# tengo más tiempo y desayuno además una tostada con mantequilla



## lapot

!Hola! Necesito ayuda con esta frase. Quiero decir lo siguiente:

"Desayuno un vaso de leche y un plátano de lunes a viernes, pero el fin de semana tengo más tiempo y desayuno además una tostada con mantequilla.

Mi intento:
Ich früstücke ein Glas Milch und eine Banane von Montag bis Fritag, aber habe ich am Wochenende mehr Freizeit und ich früstücke noch Buttertoast.

Seguro que hay partes mal, por eso os pido vuestra ayuda. En especial en como decir lo de 'además' y donde ponerlo.

¡Gracias de antemano!


----------



## GGa

Intento unas correcciones (pero no sé si es mejor en realidad):
Ich früstücke ein Glas Milch und eine Banane von Montag bis Fritag, aber am Wochenende habe ich mehr Freizeit und ich früstücke auch ein  Buttertoast.

Also ist es vielleicht besser (?):
Von Montag bis Fritag früstücke ich ein Glas Milch und eine Banane, aber  am Wochenende habe ich mehr Freizeit und ich früstücke auch ein   Buttertoast.


----------



## Captain Lars

_Von Montag bis Freitag nehme ich ein Glas Milch und eine Banane zum Frühstück; aber am Wochenende habe ich mehr Zeit, dann esse ich auch noch ein Toast mit Butter.

_- es aconsejable poner _von Montag bis Freitag _al comienzo de la frase
- _frühstücken _es intransitivo en mi opinión, salvo en las más coloquiales circunstancias
- _Freizeit_ no es lo mismo que _freie Zeit_
- _Buttertoast_ no es lo mismo que _Toast mit Butter_


----------



## lapot

¡Muchas gracias a ambos por la ayuda!

Ahora me surge una duda. ¿Entonces cuál es la diferencia entre '_Buttertoast_' y '_Toast mit Butter_'?
Pensaba que ambas palabras eran esto --> http://i.imgur.com/QS2Z4.jpg


----------



## Alemanita

'Buttertoast' es un pan de molde para tostar que ha sido elaborado con manteca (mantequilla en España) y Toast mit Butter es una rebanada de pan tostado untado con manteca.

< ... >


----------



## lapot

!Muchas gracias Alemanita!
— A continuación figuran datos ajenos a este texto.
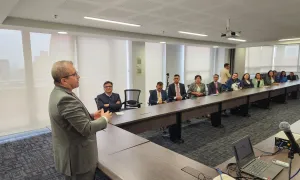 Galardón San Juan Bautista de La Salle a optómetra lasallista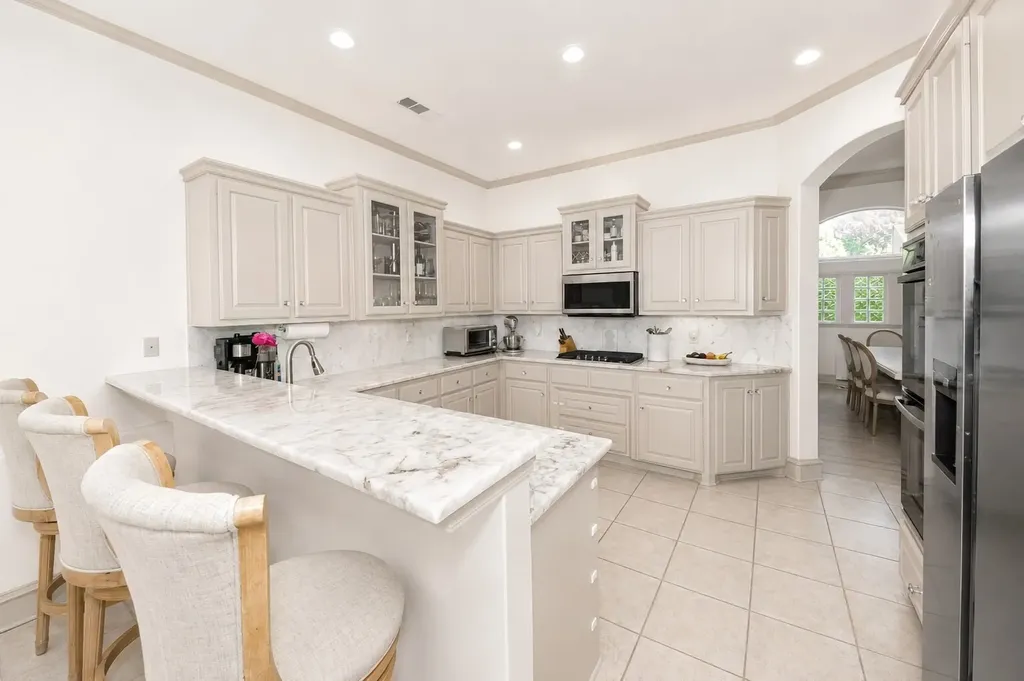8934 Greenville Avenue Dallas TX 75243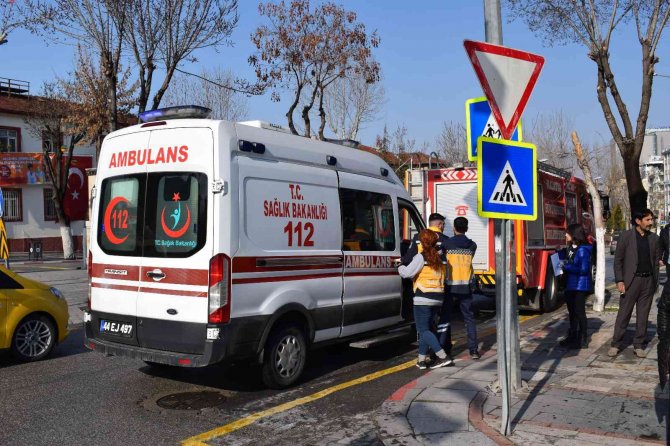 İ̇ki Otomobilin Çarpıştığı Kaza Ucuz Atlatıldı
Pensaba que podía ser eso, pero no estaba para nada seguro.

< ... >
¡Gracias a todos de nuevo!


----------



## nievedemango

- es aconsejable poner [I said:
			
		

> v_on _Montag bis Freitag [/I]al comienzo de la frase
> - _frühstücken _es *intransitivo* en mi opinión, salvo en las más coloquiales circunstancias
> - *Freizeit *_no es lo mismo que_* freie Zeit
> - Buttertoast *_no es lo mismo que_* Toast mit Butter*



  _frühstücken_ *es* intransitivo.

Pues, yo diría:
Von Montag bis Fr*ei*tag *trinke ich* ein Glas Milch zum Frühstück und *esse* eine Banane *dazu*. 
oder:  Von Montag bis Freitag *trinke ich* zum Frühstück ein Glas Milch und *esse* eine Banane *dazu.*
Aber am Wochenende habe ich mehr Zeit, dann esse ich *noch zusätzlich ein Toastbrot mit Butter.*


----------



## lapot

Muchas gracias por tu colaboración nievedemango. 

Me habeis ayudado mucho. ¡Un saludo!


----------